### Material to process
===

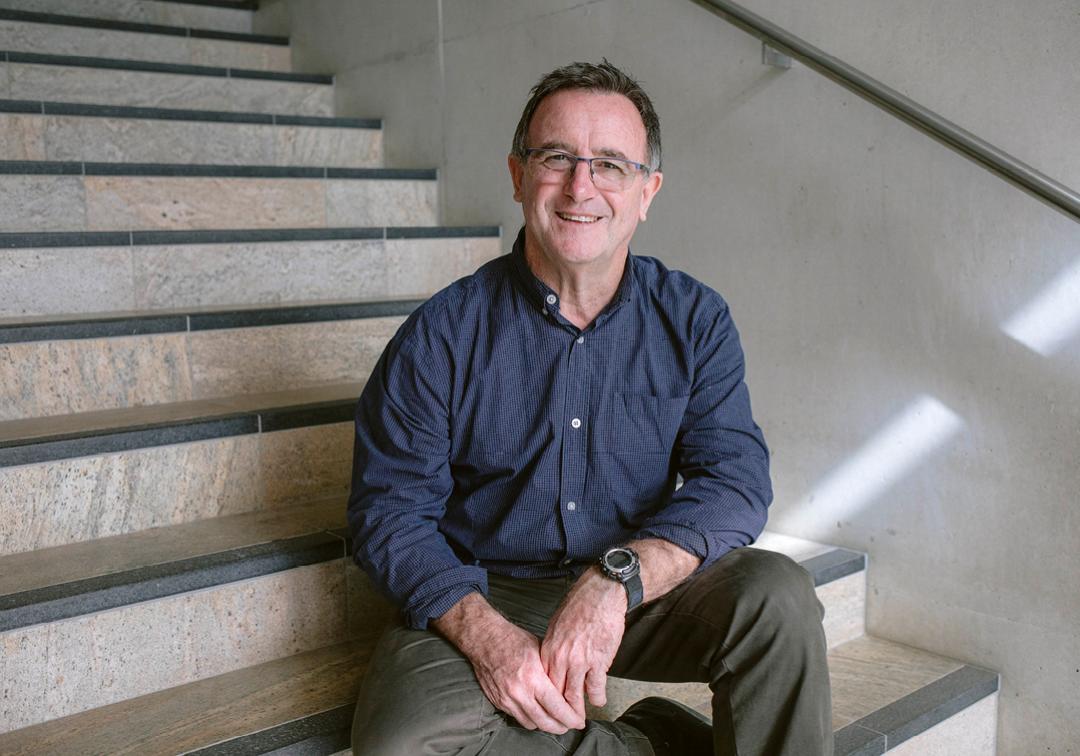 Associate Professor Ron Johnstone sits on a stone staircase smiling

===

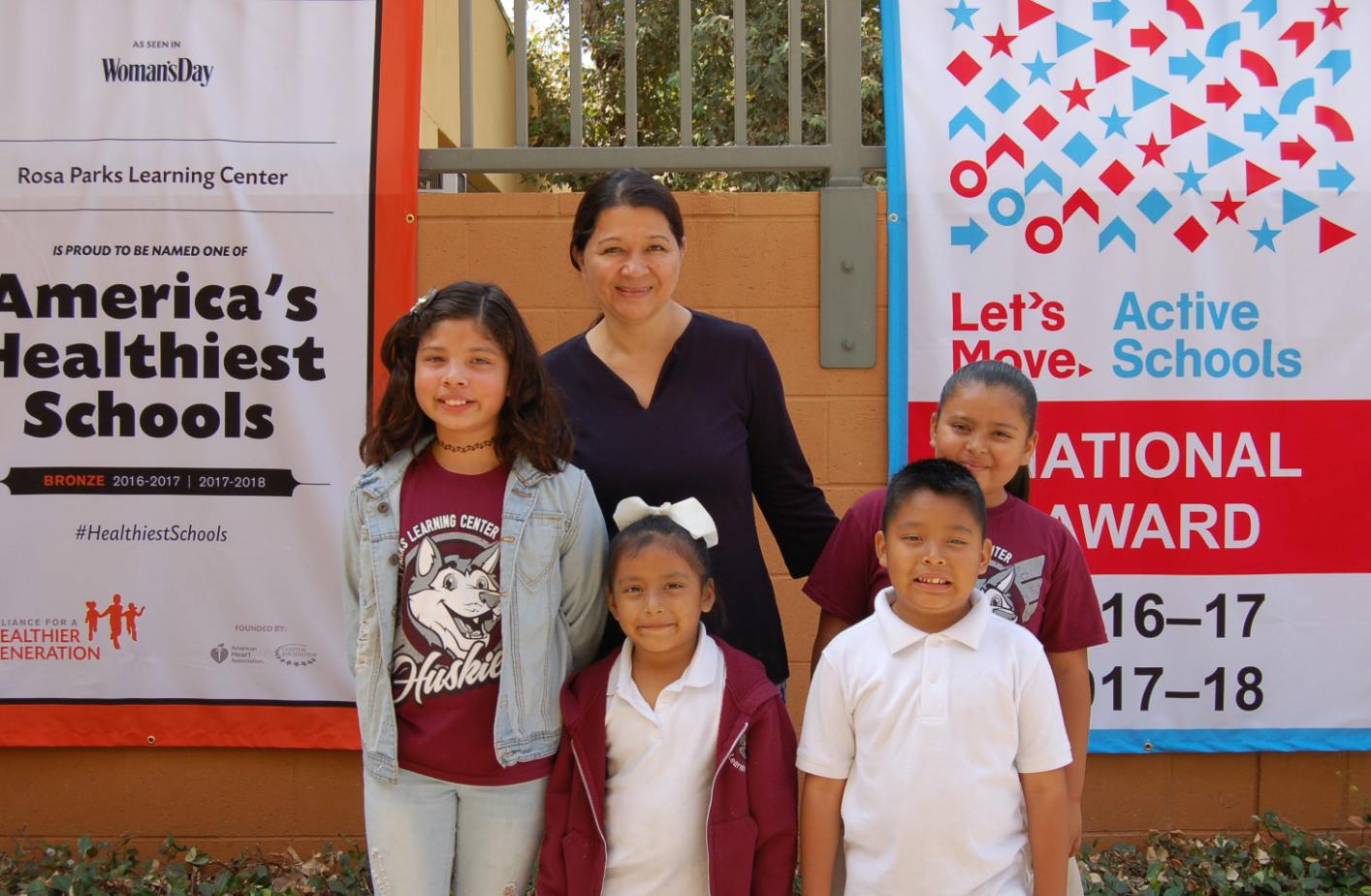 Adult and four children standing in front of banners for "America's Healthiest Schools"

===

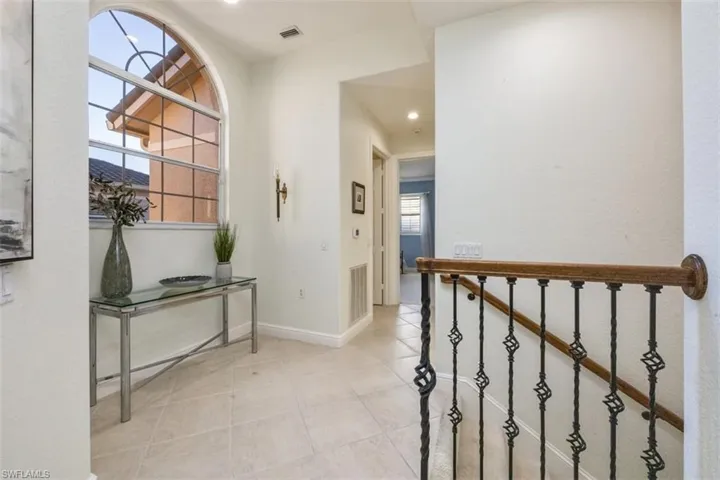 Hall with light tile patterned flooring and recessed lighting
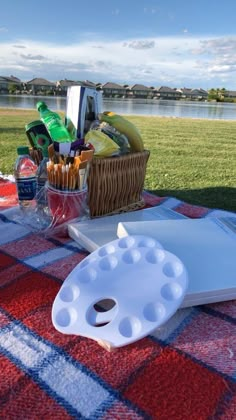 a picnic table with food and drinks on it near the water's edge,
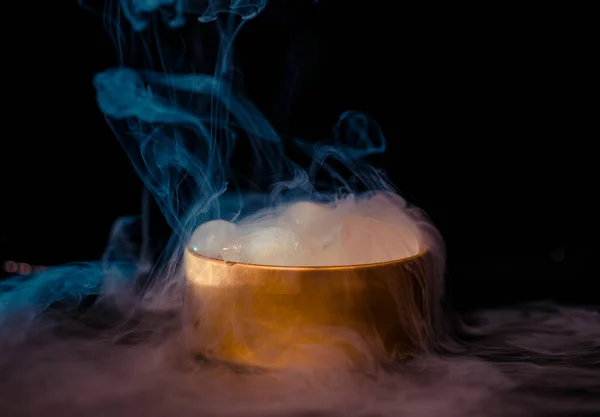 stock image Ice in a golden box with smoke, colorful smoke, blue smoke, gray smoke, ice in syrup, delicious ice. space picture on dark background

===

### Exercise goal
Going back to the data above, write out everything from the line with "Hall with light" down to the line with "stock image Ice", both included, leaving every picture out.

### Solution to the problem
 Hall with light tile patterned flooring and recessed lighting
 a picnic table with food and drinks on it near the water's edge,
 stock image Ice in a golden box with smoke, colorful smoke, blue smoke, gray smoke, ice in syrup, delicious ice. space picture on dark background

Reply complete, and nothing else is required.